The full listing, word for word and free of images, is the expected result.

Supplied information ->
- Opening Delimiter -
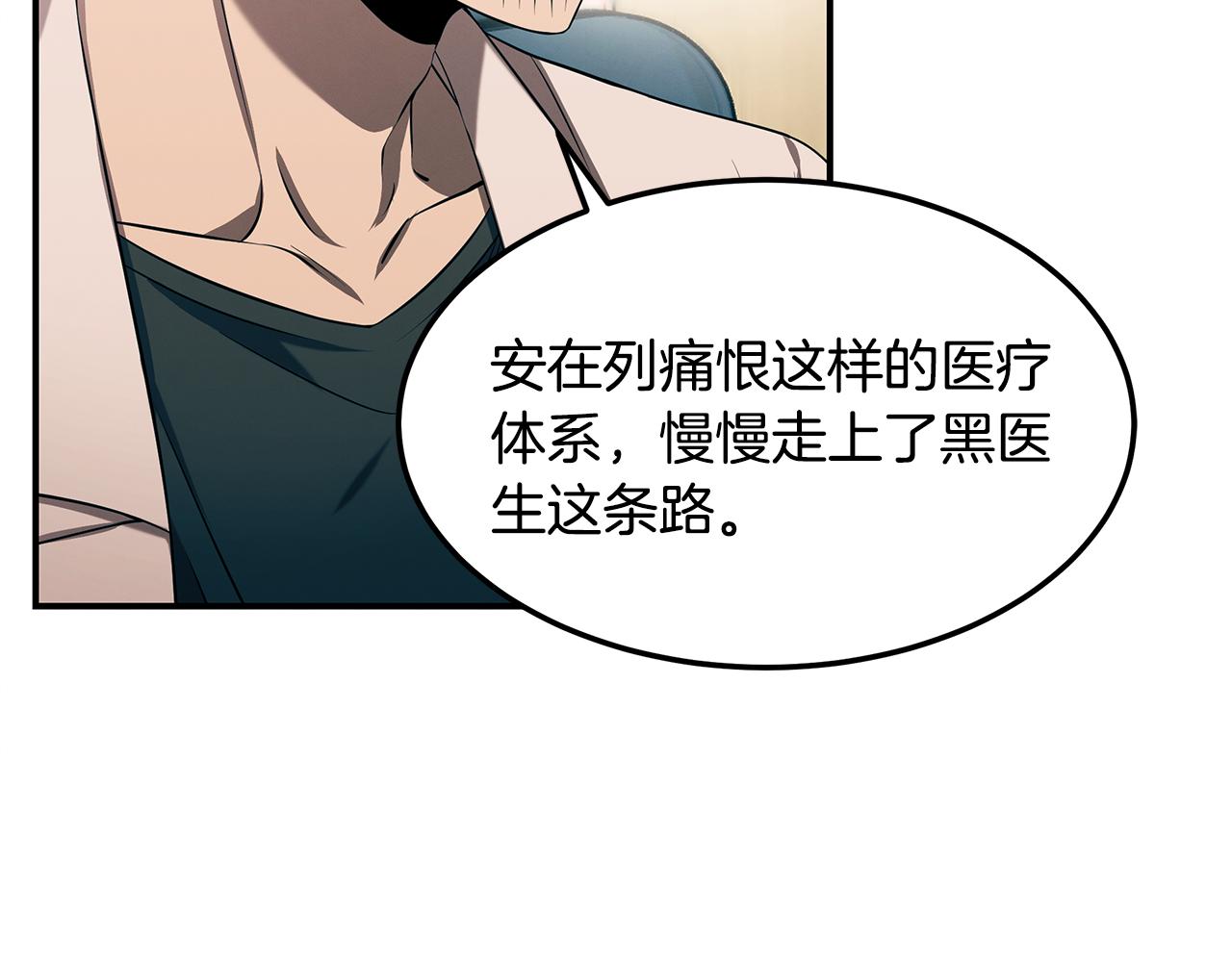 第82话 前世因果(1/4)-第82话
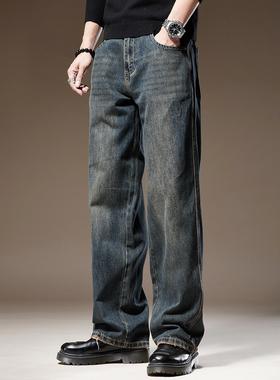 潮牌it Afternnaths覆古直筒牛仔裤男新款宽松阔腿休闲秋冬季加绒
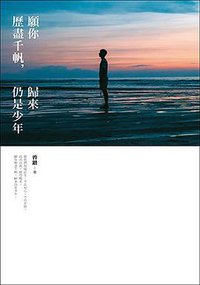 願你歷盡千帆，歸來仍是少年 (皇冠 2018)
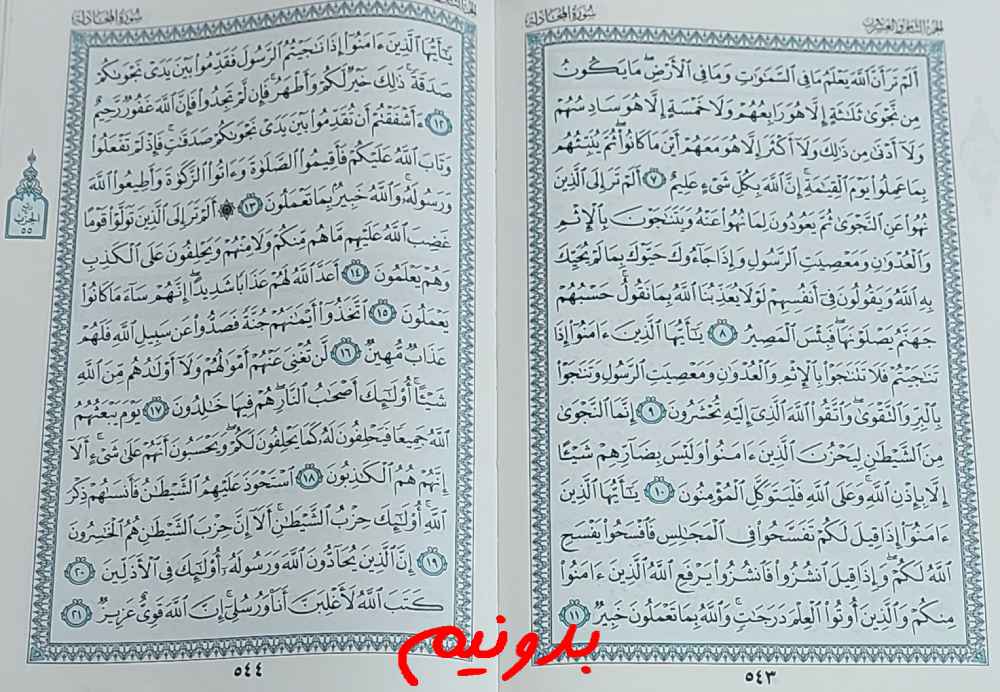 جواب کامل استخاره با قرآن کریم صفحه 543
- Closing Delimiter -
Written response ->
 第82话 前世因果(1/4)-第82话
 潮牌it Afternnaths覆古直筒牛仔裤男新款宽松阔腿休闲秋冬季加绒
 願你歷盡千帆，歸來仍是少年 (皇冠 2018)
 جواب کامل استخاره با قرآن کریم صفحه 543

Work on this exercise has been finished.